Southern League A Division champions
- Rangers

Southern League B Division champions
- Dundee

Victory Cup winners
- Rangers

Southern League Cup winners
- Aberdeen

B Division Supplementary Cup winners
- Airdrie

Junior Cup winners
- Fauldhouse United

= 1945–46 in Scottish football =

The 1945–46 season was the 73rd season of competitive football in Scotland and the seventh and final season of special wartime football during World War II.

==Overview==

Between 1939 and 1946 normal competitive football was suspended in Scotland. Many footballers signed up to fight in the war and as a result many teams were depleted, and fielded guest players instead. The Scottish Football League and Scottish Cup were suspended and in their place regional league competitions were set up. Appearances in these tournaments do not count in players' official records.

==Honours==
In contrast to previous wartime seasons a single league, the Southern League, operated for Scotland with two divisions (although its membership did not include all the pre-war Scottish league clubs). No country-wide cup competition took place, although a number of regional competitions continued including the Glasgow Cup, and a Southern League Cup was competed for, a competition which later formed the basis of the League Cup. In addition a Supplementary Cup was played for by B Division teams.

| Competition | Winner |
|---|---|
| Southern League 'A' | Rangers |
| Southern League 'B' | Dundee |
| Victory Cup | Rangers |
| Southern League Cup | Aberdeen |
| B Division Supplementary Cup | Airdrie |
| Aberdeenshire Cup | Buckie Thistle |
| East of Scotland Shield | Hearts |
| Fife Cup | East Fife |
| Forfarshire Cup | Dundee |
| Glasgow Cup | Queen's Park |
| Renfrewshire Cup | St Mirren |
| Southern Counties Cup | Nithsdale Wanderers |

==International==

In keeping with the other wartime seasons the Scotland national football team went on official hiatus, although unofficial games, appearances for which do not count towards the final caps totals of participants, continued.

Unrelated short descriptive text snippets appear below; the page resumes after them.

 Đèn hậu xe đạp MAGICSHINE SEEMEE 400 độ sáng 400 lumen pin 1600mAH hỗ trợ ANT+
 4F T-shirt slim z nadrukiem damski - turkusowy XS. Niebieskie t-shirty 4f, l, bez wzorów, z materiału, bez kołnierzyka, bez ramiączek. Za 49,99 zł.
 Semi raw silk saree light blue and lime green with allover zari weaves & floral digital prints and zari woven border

Scotland faced England in one such match on 13 April 1946 at Hampden Park. In front of 139, 468 spectators Scotland won 1–0 with a Jimmy Delaney goal in what was dubbed a 'Victory International'. The Scotland line-up featured: Bobby Brown, Davie Shaw, Jock Shaw, Billy Campbell, Frank Brennan, Jackie Husband, Willie Waddell, Neil Dougall, Jimmy Delaney, George Hamilton, Billy Liddell.

A second game against England was also played at Maine Road, Manchester on 24 April 1946. This game was neither an official nor a victory international but rather was played as a fundraiser for the victims of the Burnden Park Disaster. A crowd of 70,000 witnessed a 2–2 draw with Willie Thornton scoring twice for Scotland. Their line-up featured: Willie Miller, Davie Shaw, Jock Shaw, Billy Campbell, Frank Brennan, Jackie Husband, Willie Waddell, Neil Dougall, Willie Thornton, George Hamilton, Billy Liddell.

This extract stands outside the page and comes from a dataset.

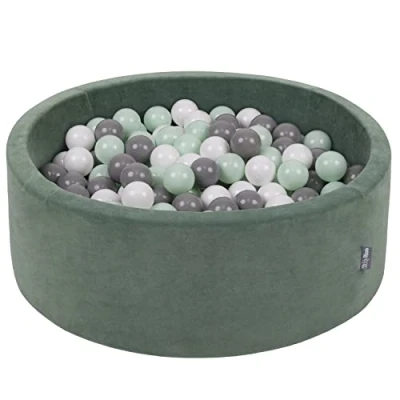 Imagen de KiddyMoon Terciopelo Piscina De Bolas 90X30cm/300 para Ninos Hecha En La UE, Verde del Bosque:Blanco/Gris/Menta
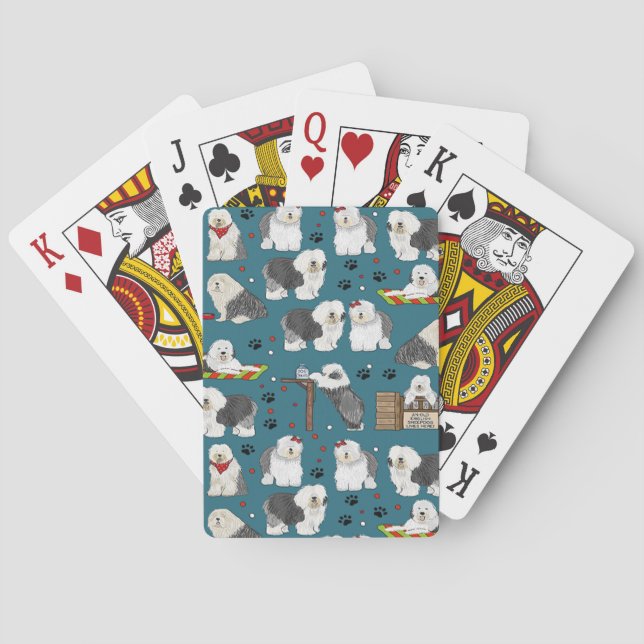 Cute Old English Sheepdog Pattern, Dog Lover Gift Playing Cards (Back)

For the first time since before the war Scotland also faced opposition other than England. On 23 January 1946 a crowd of 48,830 at Hampden saw Scotland draw 2–2 with Belgium, with Jimmy Delaney scoring both goals. The line-up was: Bobby Brown, Jimmy McGowan, Jock Shaw (captain), Jimmy Campbell, Andy Paton, George Paterson, Gordon Smith, Archibald Baird, Jimmy Delaney, Johnny Deakin, Jimmy Walker. Both the Scottish Football Association and the Royal Belgian Football Association afford this game full international status, although it is not recognised as such by FIFA.

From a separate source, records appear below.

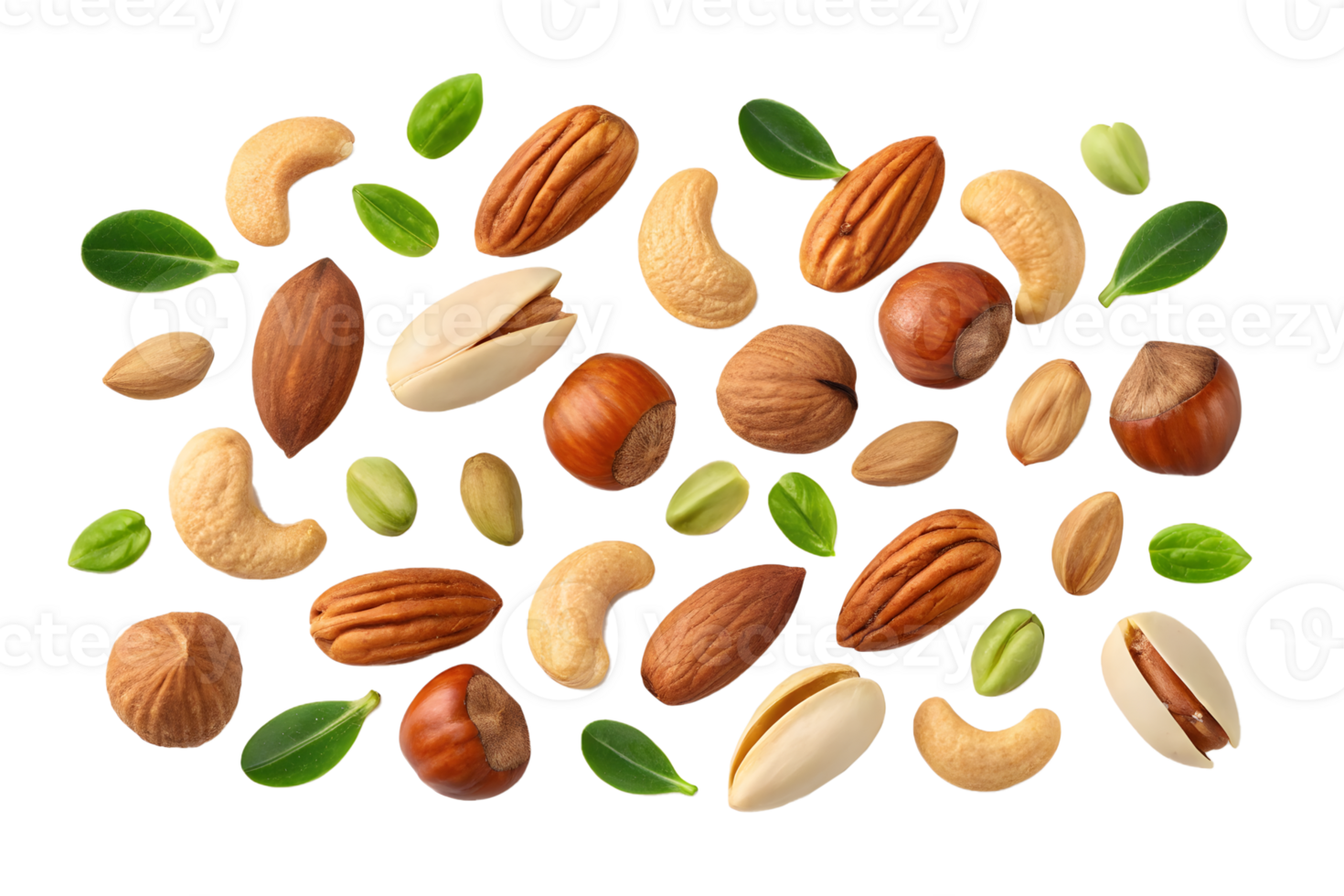 Variety of nuts including almonds, cashews, pecans, and pistachios with fresh green leaves, nutrition png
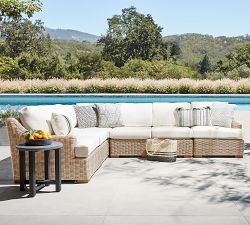 Huntington Wicker 6-Piece Slope Arm Outdoor Sectional (127")
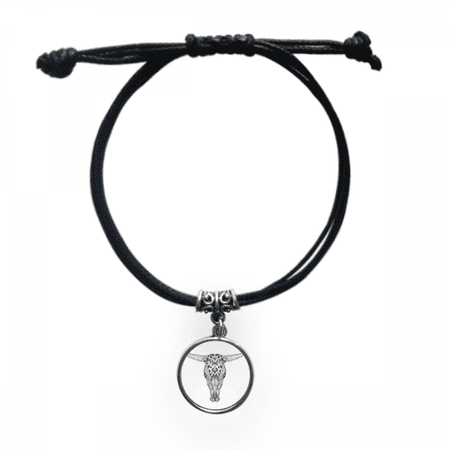 long fcow animal portrait sketch bracelet leather wristband black jewelry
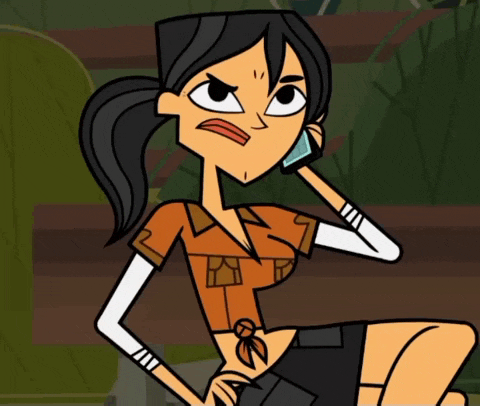 a cartoon girl is talking on a cell phone and making an angry face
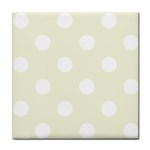 Polka Dots - White on Beige Tile Coaster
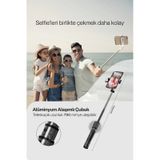 Led Işıklı Selfie Çubuğu Bluetooth Kumandalı Kablosuz Tripot Selfie Monopod Selfie Stick Beyaz cok-renkli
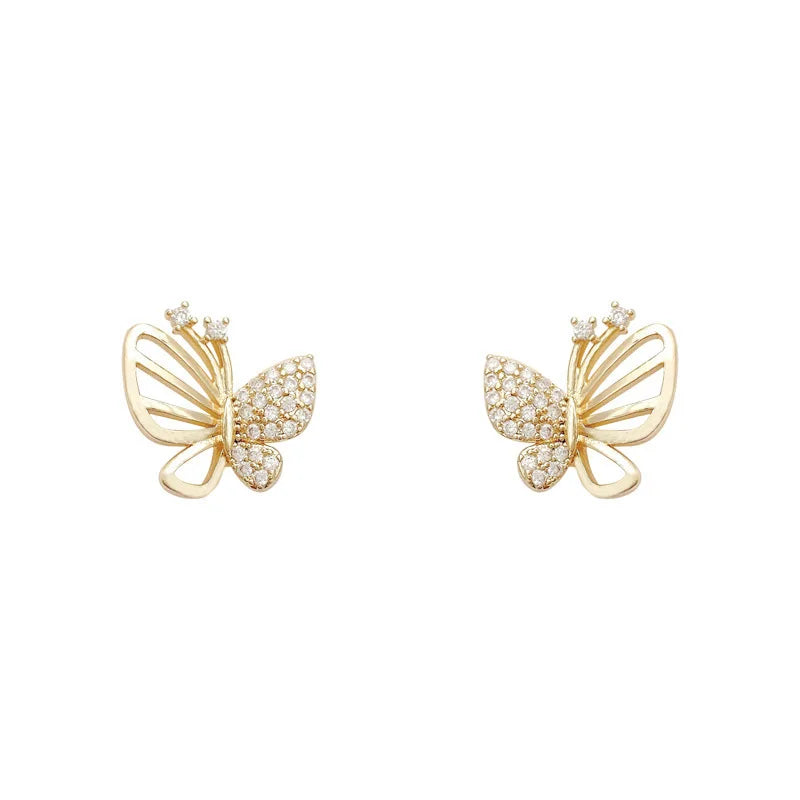 Boucles d'oreilles puces en zircon en forme de papillon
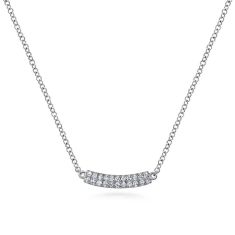 Gabriel & Co. 1/10ctw Diamond 14k White Gold Lusso Bar Necklace Gabriel & Co. 1/10ctw Diamond 14k White Gold Lusso Bar Necklace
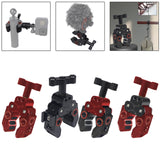 Maxbell Claw Clamp with 1/4inch Thread Holes 3/8inch Locating Pin for Camera Tripod Red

In similar circumstances Scotland faced Switzerland at Hampden on 15 May 1946. In front of 111,899 fans Scotland won 3–1 with two from Liddell and one from Delaney. The line-up was: Bobby Brown, Davie Shaw, Jock Shaw, Billy Campbell, Frank Brennan, Jackie Husband, Willie Waddell, Willie Thornton, Jimmy Delaney, Tommy Walker, Billy Liddell.